Renormalization Group theory outperforms other approaches in statistical comparison between upscaling techniques for porous media
For researchers modeling flow in porous media, this work provides a more accurate and efficient upscaling technique, though it is domain-specific and incremental in nature.
The paper compares upscaling methods for porous media flow, finding that a Mode-Elimination Renormalization-Group (MG) theory approach consistently yields more accurate flow-rate estimates than other methods, particularly for tensorial permeability coefficients near or above the percolation threshold, with low computational cost.
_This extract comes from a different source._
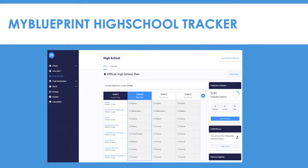MyBlueprint High School Tracker. To help keep track of their Ontario Secondary School Diploma requirements, our students use an app called MyBlueprint. This is a tracker that they will use throughout all four years of high school to assist them in planning and choosing their courses from year to year, as well as for helping them prepare for their post-secondary plans.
Determining the pressure differential required to achieve a desired flow rate in a porous medium requires solving Darcy's law, a Laplace-like equation, with a spatially varying tensor permeability. In various scenarios, the permeability coefficient is sampled at high spatial resolution, which makes solving Darcy's equation numerically prohibitively expensive. As a consequence, much effort has gone into creating upscaled or low-resolution effective models of the coefficient while ensuring that the estimated flow rate is well reproduced, bringing to fore the classic tradeoff between computational cost and numerical accuracy. Here we perform a statistical study to characterize the relative success of upscaling methods on a large sample of permeability coefficients that are above the percolation threshold. We introduce a new technique based on Mode-Elimination Renormalization-Group theory (MG) to build coarse-scale permeability coefficients. Comparing the results with coefficients upscaled using other methods, we find that MG is consistently more accurate, particularly so due to its ability to address the tensorial nature of the coefficients. MG places a low computational demand, in the manner that we have implemented it, and accurate flow-rate estimates are obtained when using MG-upscaled permeabilities that approach or are beyond the percolation threshold.